Mastopessi con o senza protesi
La mastopessi da sola non comporta un aumento delle dimensioni del seno. Tuttavia, quando la paziente desidera anche maggiore volume, l’intervento può essere combinato con l’inserimento di protesi mammarie, dando vita alla cosiddetta mastopessi additiva.
“È una soluzione che permette non solo di risollevare il seno – precisa il Professore Emilio Trignano – ma anche di restituirgli una forma più piena e proporzionata. Ogni scelta, naturalmente, dipende dalle esigenze personali della paziente.”
Post-operatorio: cosa aspettarsi
Il decorso post-operatorio è generalmente sereno. Il dolore è raro e ben controllato con comuni analgesici. Il gonfiore è sempre presente, ma tende a ridursi in circa dieci giorni, con un residuo edema che può persistere qualche settimana.
Le suture vengono rimosse tra la seconda e la terza settimana, mentre già dopo una settimana è possibile fare docce e shampoo, evitando però bagni prolungati. Fondamentale l’uso di un reggiseno contenitivo giorno e notte per almeno un mese, che garantisce sostegno e stabilità al nuovo profilo del seno.
Nei primi quindici giorni è raccomandato un moderato riposo, evitando di sollevare le braccia, compiere sforzi fisici o dormire a pancia in giù. Il ritorno alla vita lavorativa avviene in genere dopo due settimane, salvo attività particolarmente pesanti che richiedono tempi più lunghi.
Un intervento sempre più richiesto
Pur non essendo celebre quanto la mastoplastica additiva o riduttiva, la mastopessi è un intervento sempre più richiesto. Questo perché risponde a un bisogno reale e diffuso: ritrovare un décolleté naturale, tonico ed elegante, senza stravolgere la propria immagine.
La discrezione delle cicatrici, la sicurezza delle tecniche moderne e la possibilità di svolgere l’operazione in regime ambulatoriale contribuiscono a renderla una scelta apprezzata da molte donne che desiderano recuperare fiducia in sé stesse.
Ogni mese, nel dialogo con il Professore Emilio Trignano, ritrovo la stessa magia: il rigore scientifico che si intreccia con una visione estetica fatta di equilibrio, misura e rispetto per il corpo femminile.
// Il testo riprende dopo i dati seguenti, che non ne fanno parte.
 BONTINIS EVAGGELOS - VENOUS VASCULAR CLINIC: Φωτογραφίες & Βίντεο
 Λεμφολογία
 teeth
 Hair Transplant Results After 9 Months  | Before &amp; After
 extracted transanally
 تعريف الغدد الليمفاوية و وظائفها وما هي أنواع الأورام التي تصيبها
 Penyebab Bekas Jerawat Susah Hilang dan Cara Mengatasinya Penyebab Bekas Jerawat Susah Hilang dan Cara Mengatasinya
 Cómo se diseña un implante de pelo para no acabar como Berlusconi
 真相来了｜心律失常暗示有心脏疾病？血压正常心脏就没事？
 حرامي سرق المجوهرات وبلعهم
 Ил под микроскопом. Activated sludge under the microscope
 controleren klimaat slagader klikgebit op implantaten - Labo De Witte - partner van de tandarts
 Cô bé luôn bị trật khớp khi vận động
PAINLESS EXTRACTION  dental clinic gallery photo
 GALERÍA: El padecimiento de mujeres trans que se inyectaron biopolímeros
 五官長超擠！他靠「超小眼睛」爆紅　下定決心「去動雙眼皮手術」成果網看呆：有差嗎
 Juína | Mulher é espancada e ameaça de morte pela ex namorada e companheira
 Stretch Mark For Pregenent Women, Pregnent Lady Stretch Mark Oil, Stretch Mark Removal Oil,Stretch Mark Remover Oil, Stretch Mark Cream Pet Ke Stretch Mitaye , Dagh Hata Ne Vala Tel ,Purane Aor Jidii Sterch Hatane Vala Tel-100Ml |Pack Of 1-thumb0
Anche stavolta, parlando di mastopessi, mi è chiaro perché ormai tutti – me per prima – lo definiamo con naturalezza il chirurgo estetico migliore d’Italia.
In questa rubrica, che è diventata quasi un rituale, il Professore non si limita a illustrare tecniche chirurgiche, ma offre sempre una prospettiva più ampia: quella di un’estetica che non vuole mai essere artificiale, bensì autentica, armoniosa, profondamente umana. Ed è proprio questo, alla fine, che lo rende un punto di riferimento unico nel panorama della chirurgia estetica italiana.